- _TASK INPUTS_:
= Beginning of Section =

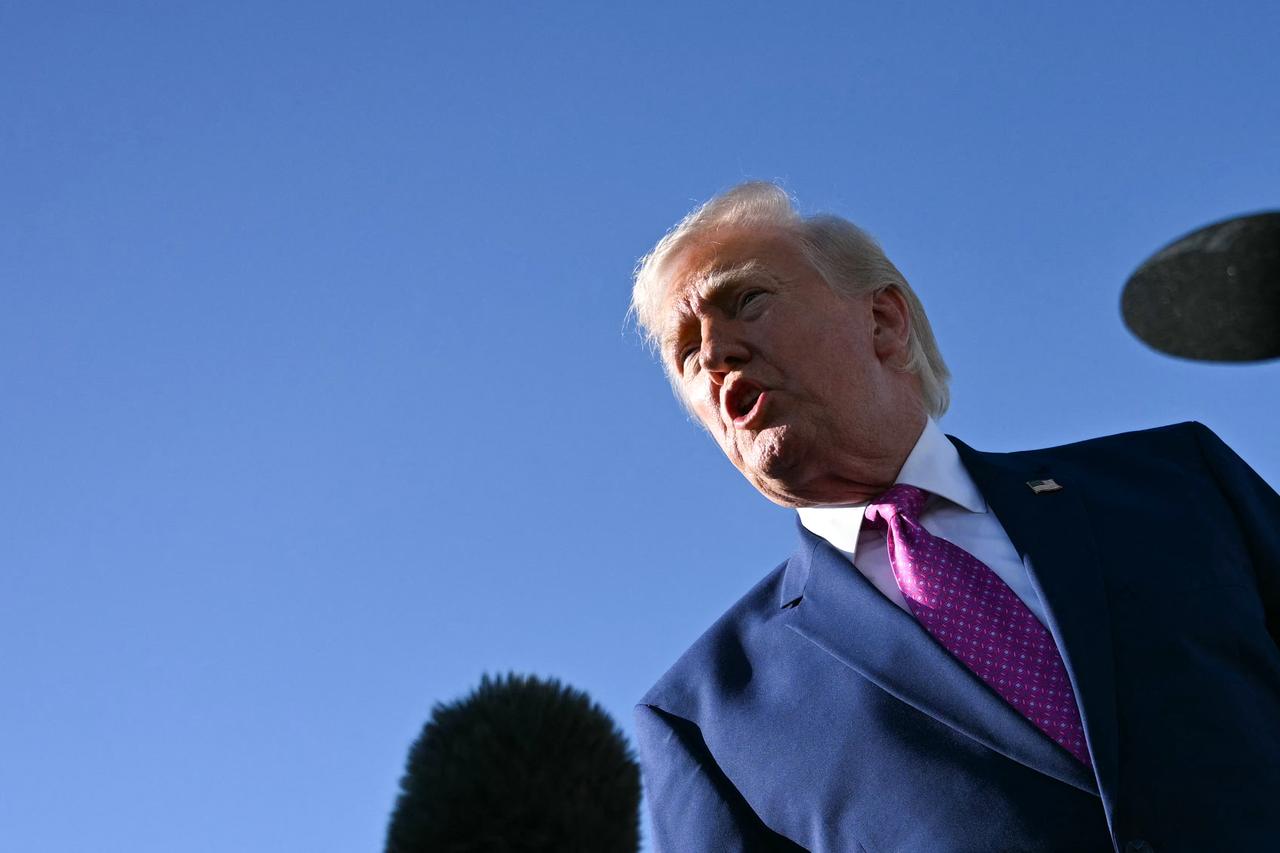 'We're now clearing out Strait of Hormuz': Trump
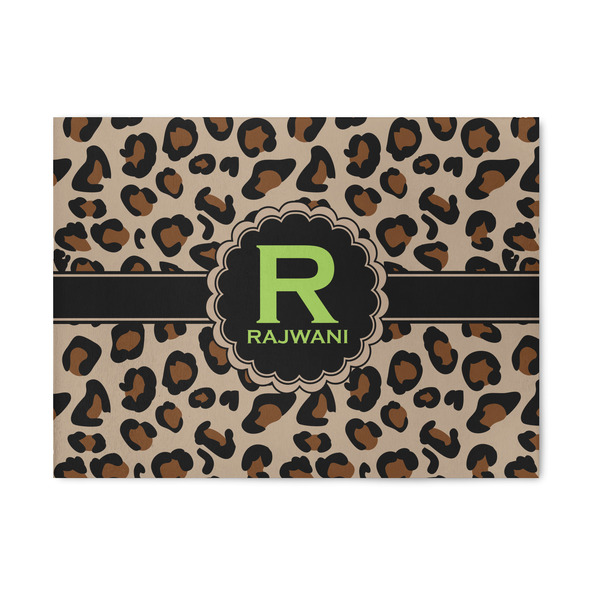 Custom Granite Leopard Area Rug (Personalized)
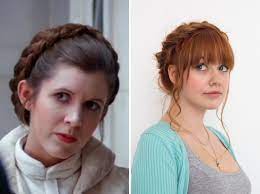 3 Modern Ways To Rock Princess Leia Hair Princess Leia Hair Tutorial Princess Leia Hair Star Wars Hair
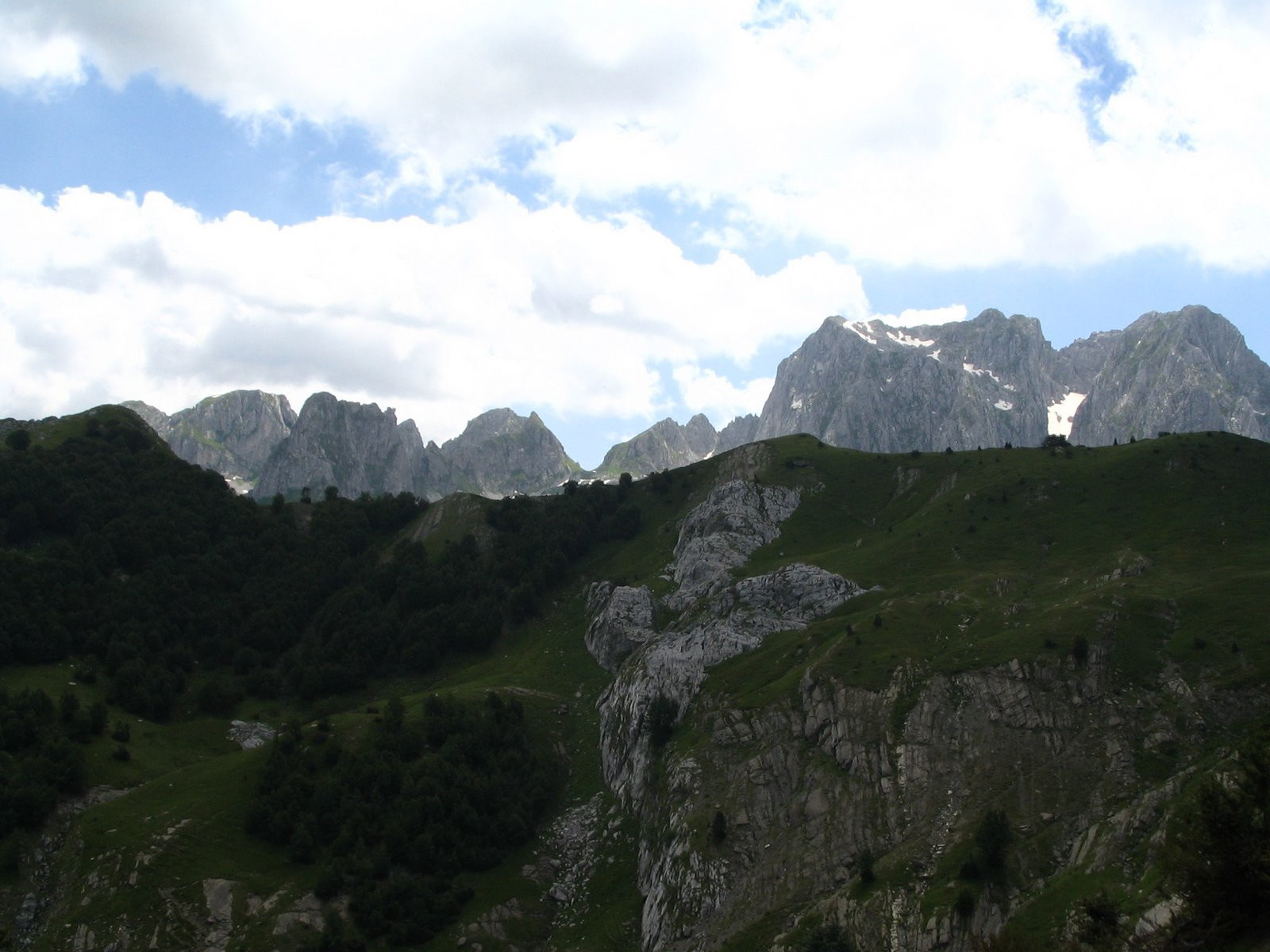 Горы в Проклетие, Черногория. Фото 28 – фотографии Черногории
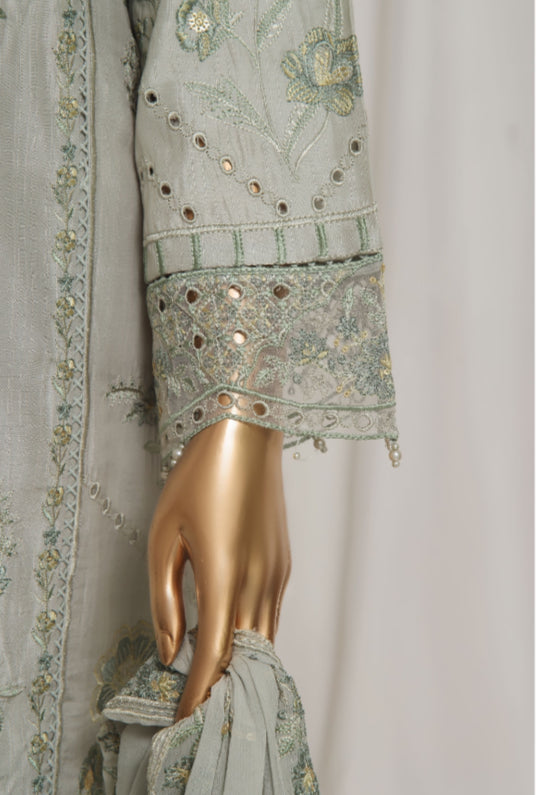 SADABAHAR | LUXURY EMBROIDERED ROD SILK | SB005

= End of Section =

- _TASK PROMPT_: All of the lines above must be printed again exactly, and no picture may appear in the copy.

- _WRITTEN RESPONSE_:
 'We're now clearing out Strait of Hormuz': Trump
 Custom Granite Leopard Area Rug (Personalized)
 3 Modern Ways To Rock Princess Leia Hair Princess Leia Hair Tutorial Princess Leia Hair Star Wars Hair
 Горы в Проклетие, Черногория. Фото 28 – фотографии Черногории
 SADABAHAR | LUXURY EMBROIDERED ROD SILK | SB005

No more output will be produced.